Jared Martino Headshot

When the Covid-19 pandemic hit, I was faced with an impossible challenge. I was given less than 24 hours to decide if my best option was to move back home to my parents in an environment I was not safe in or move out of my college dorm to an undisclosed location. In the wake of our health care system’s unprecedented challenges, New York public colleges were taking control of their dorms and preparing them to be made into makeshift hospitals. The time to decide to leave was quickly approaching. In a tense and horrific zoom call filled with red eyes and puffy faces, we were told that by 5pm, the following evening, the entire building would need to be evacuated with the expectation that anything left behind would never be seen again.  

When the Covid-19 pandemic hit, I suddenly felt a door drop from below my feet, a door I had not ever consciously realized was there. My mind was racing, fear and adrenaline coursed through my veins, and the blood in my brain pounded heavily against my skull; the rhythmic thumping felt like it would drive me crazy. I could barely hold onto a single thought. Mourning the loss of a privilege I hadn’t consciously realized I had, planning for an utterly unforeseeable future, and tackling the mortality of the world I knew left me a ghost of the person I once was.  

After a moment, my eyes adjusted to the watery filter my heart had placed on my vision, and the tinnitus I had from those shell-shocking words finally started to go away. I turned my camera back on; I wanted the school administration to see the damage it had done me. I had taken a quiet moment to myself, begun processing my emotions, and needed the information necessary to make my decision.  

Other students sat in their unfamiliar rooms, with walls of different colors, parents, and siblings surrounding them as they were held in support.
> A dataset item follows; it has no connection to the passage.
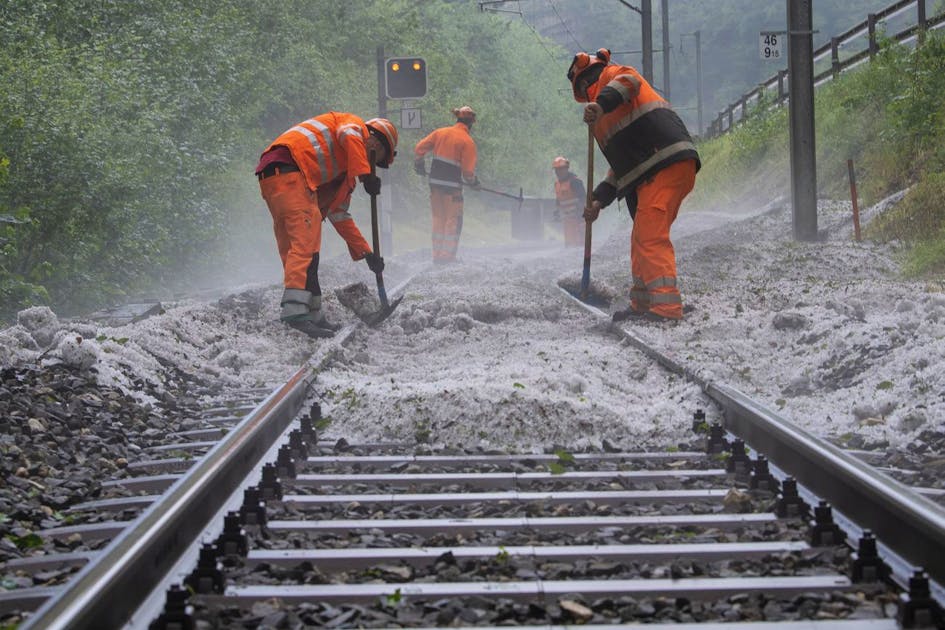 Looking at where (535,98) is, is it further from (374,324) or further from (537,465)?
(537,465)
Mothers spoke up about refunds for the housing costs, and fathers grew red in the face, resentful of the lack of information available. The students who sat alone with identical white backgrounds all were silent and scared.  

When it came time for me to talk, my mouth moved before I ever had the thought. “What’s stopping you from ripping us from this next location?” The call suddenly grew silent as the students who faced a similar alternative to me began questioning the same floor, dropping out from under them again. Then a flood of other questions. “If this is contagious, why is it smart to combine students from all over the five boroughs into one building?” “What borough will we be heading to?” “How long can we stay there?” 

When the Covid-19 pandemic hit, everyone lost something. When the Covid-19 pandemic hit, I lost a sense of housing security for the first time. When the Covid-19 pandemic hit, I learned just how cruel this world really could be.

Jared Martino is a member of Young Invincibles’ New York Young Advocates Program.